> _EXERCISE AIM_
Retype exactly what appears below from the line containing "Photo 6 of Unit" down to the line containing "Apartamento en venta", keeping both end lines. Do not include pictures.

> _THE RECORDS_
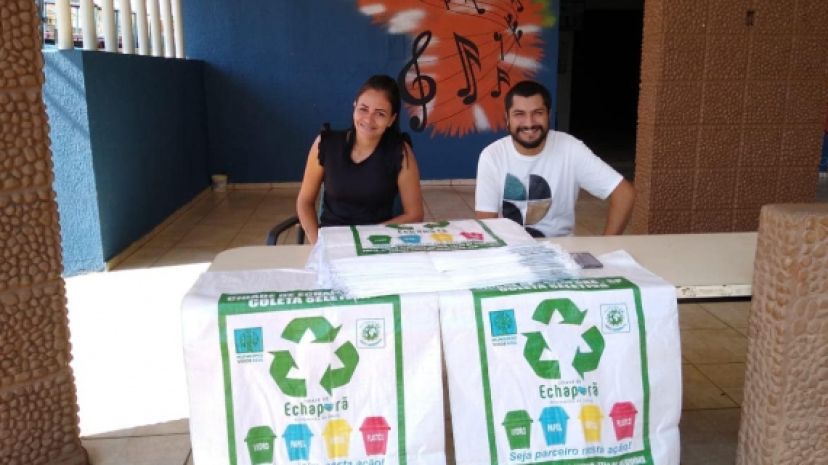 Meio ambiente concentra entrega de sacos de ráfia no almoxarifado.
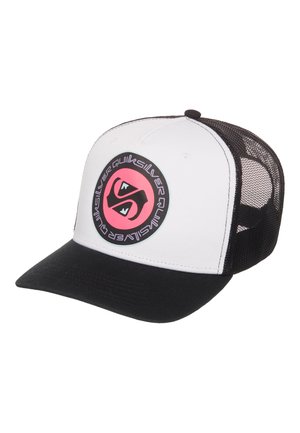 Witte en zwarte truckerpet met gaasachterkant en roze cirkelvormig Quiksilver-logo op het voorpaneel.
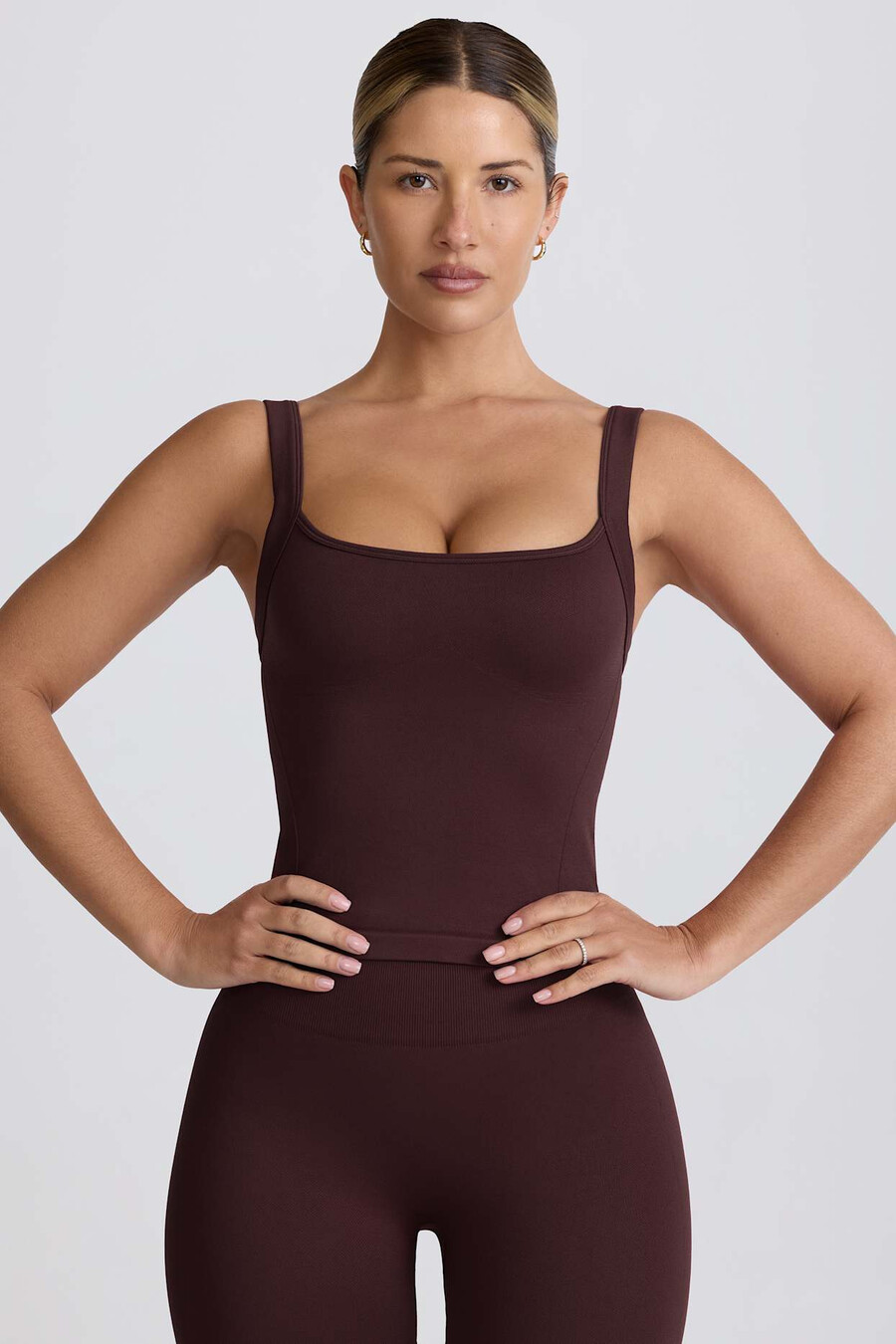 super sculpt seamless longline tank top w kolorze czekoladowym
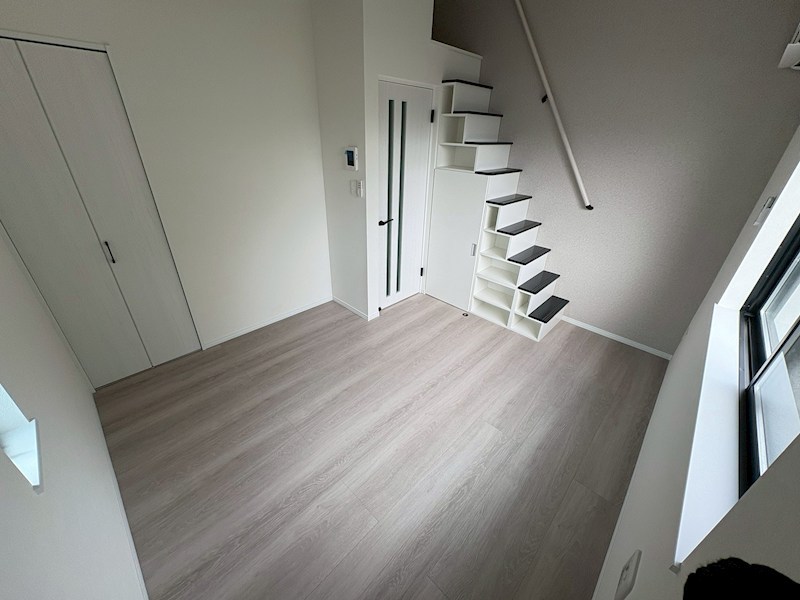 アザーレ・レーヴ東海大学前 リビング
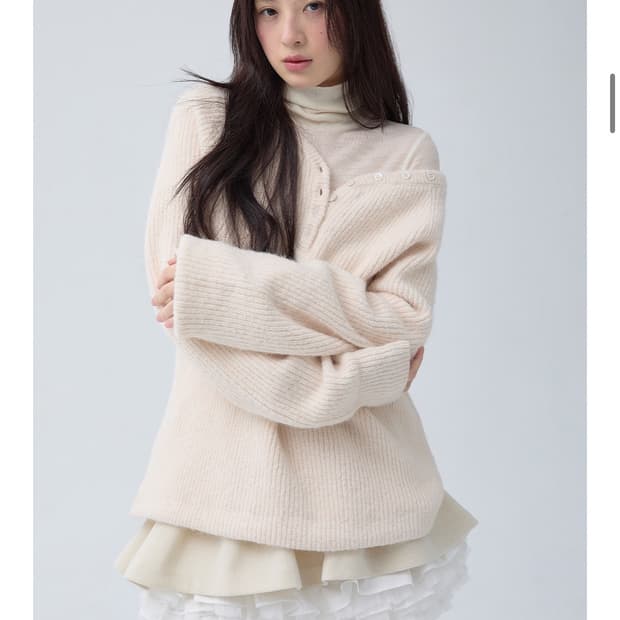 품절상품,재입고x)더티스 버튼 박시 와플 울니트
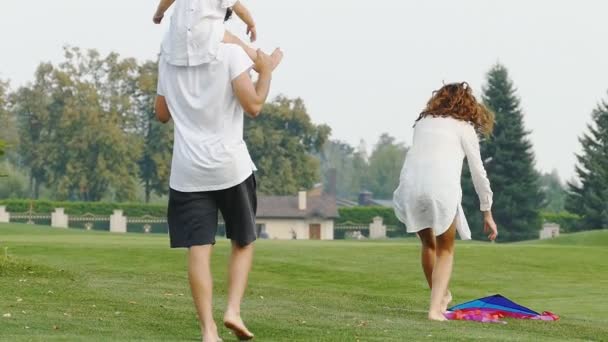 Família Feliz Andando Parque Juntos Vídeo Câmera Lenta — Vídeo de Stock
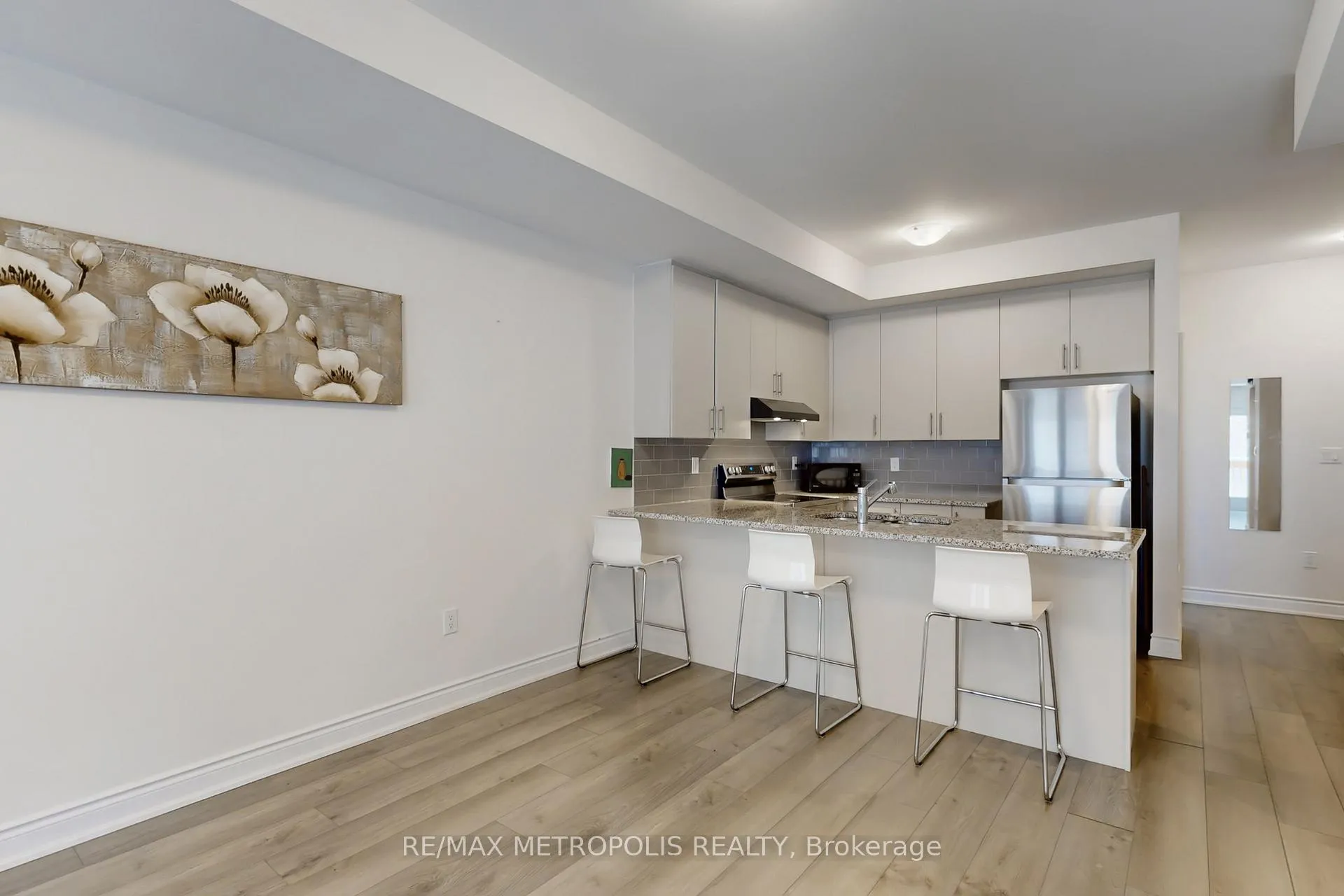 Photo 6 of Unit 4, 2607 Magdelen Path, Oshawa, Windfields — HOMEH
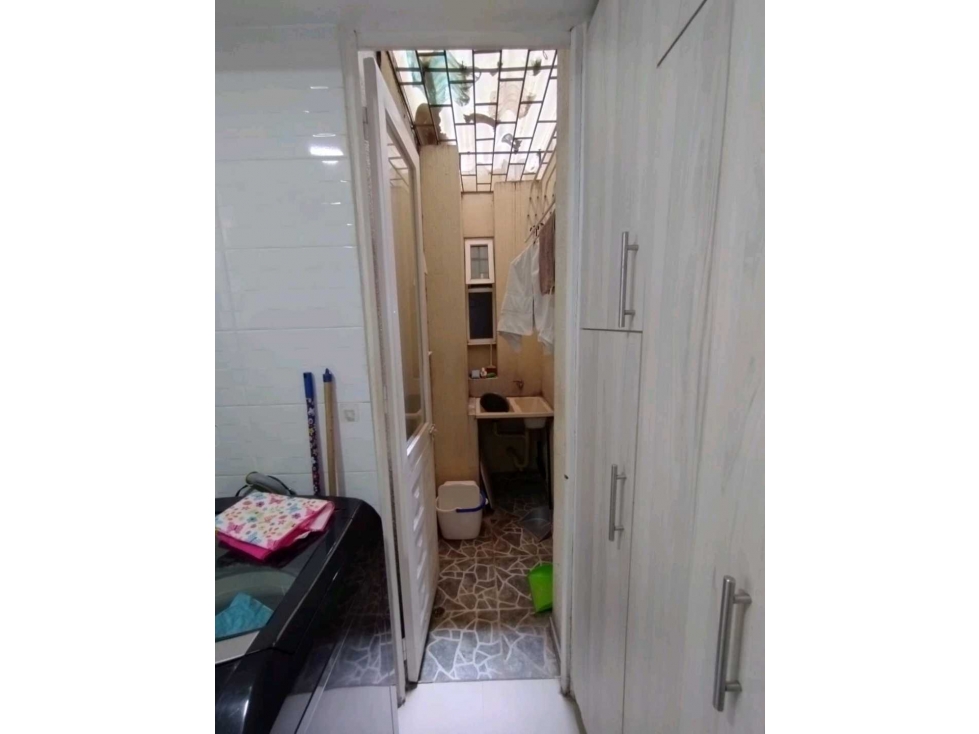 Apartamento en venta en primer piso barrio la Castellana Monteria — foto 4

---

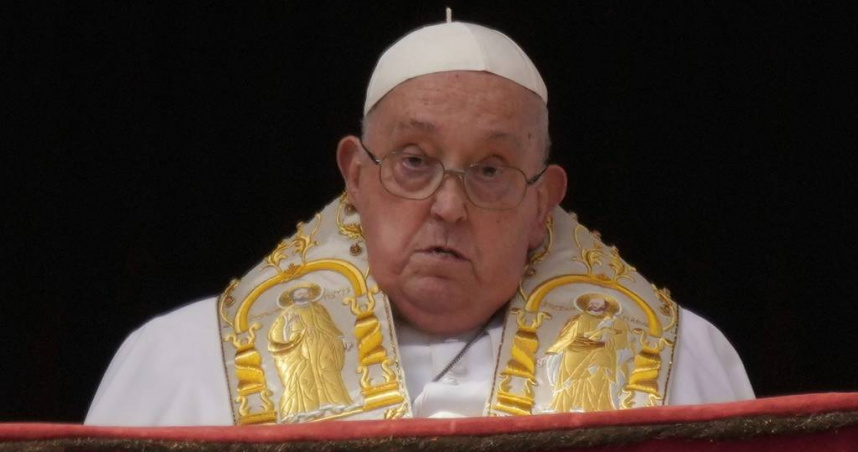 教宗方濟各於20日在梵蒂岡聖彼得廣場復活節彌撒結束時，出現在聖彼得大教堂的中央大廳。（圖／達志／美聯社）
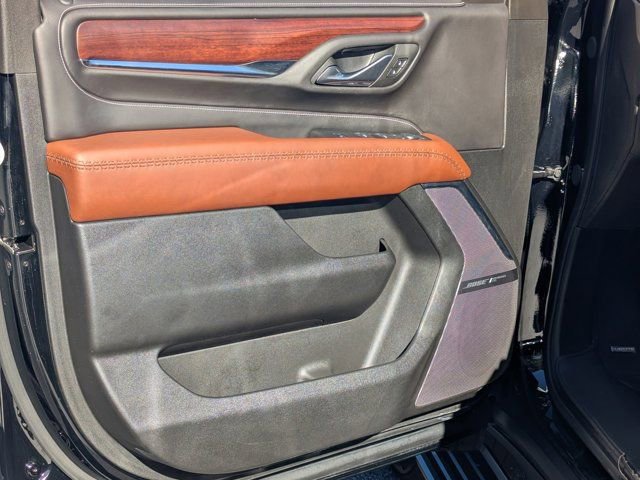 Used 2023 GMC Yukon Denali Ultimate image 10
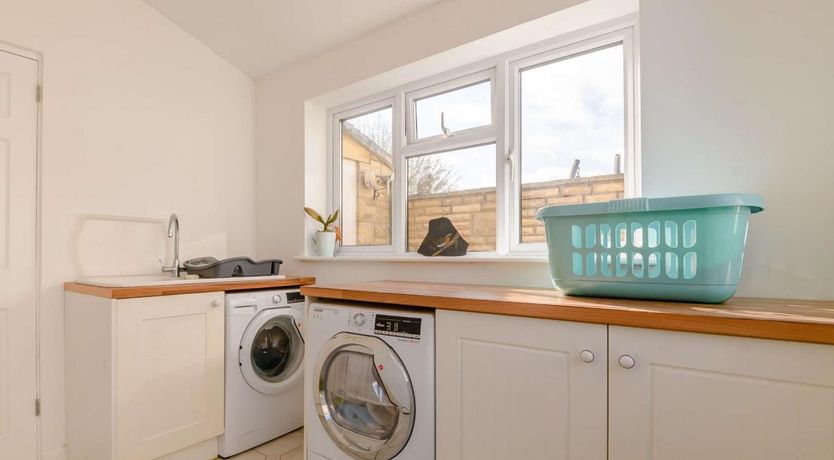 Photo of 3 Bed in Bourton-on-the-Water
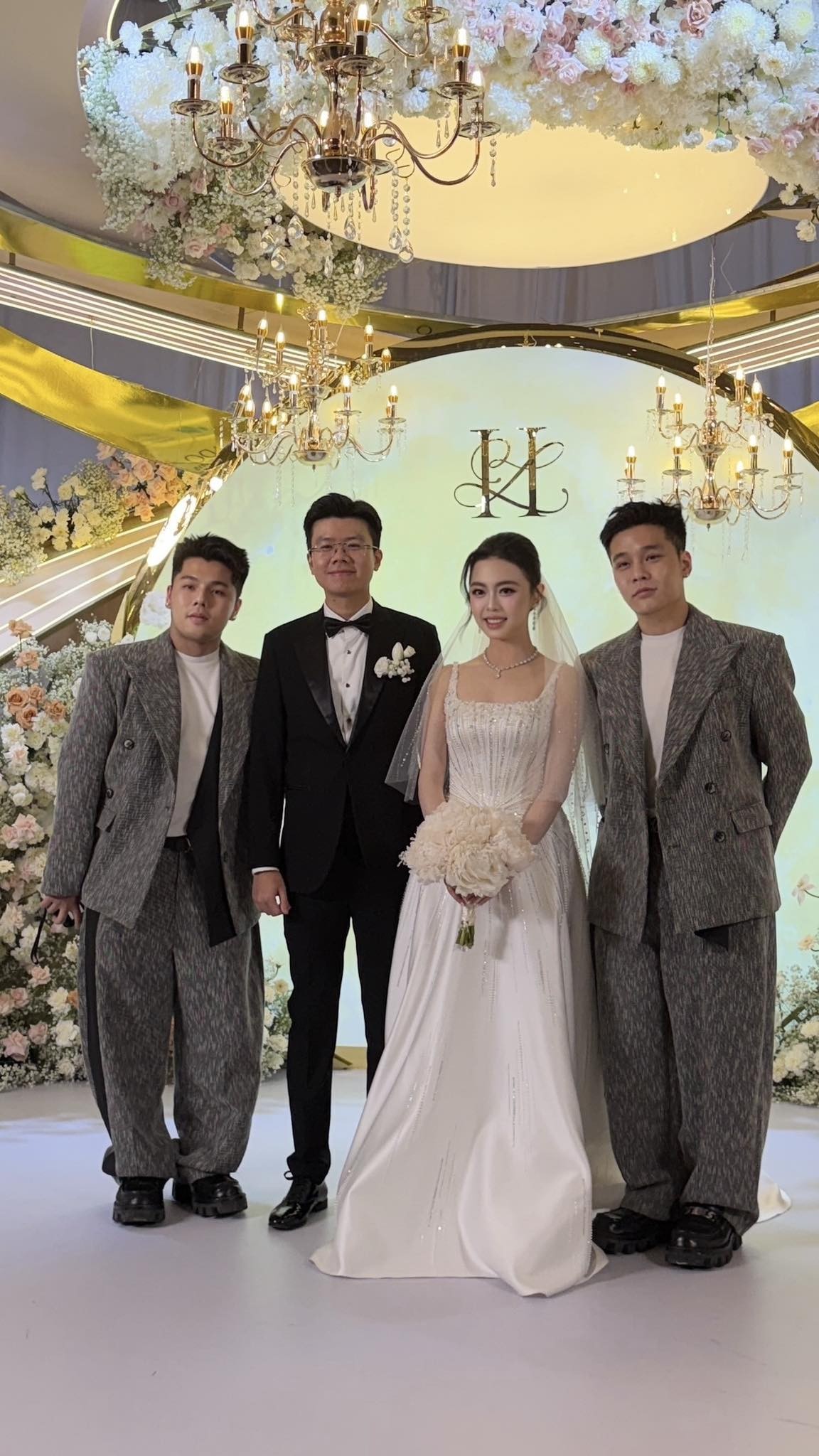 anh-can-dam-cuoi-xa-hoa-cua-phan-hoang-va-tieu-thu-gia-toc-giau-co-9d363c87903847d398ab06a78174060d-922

> _WRITTEN RESPONSE_
 Photo 6 of Unit 4, 2607 Magdelen Path, Oshawa, Windfields — HOMEH
 Apartamento en venta en primer piso barrio la Castellana Monteria — foto 4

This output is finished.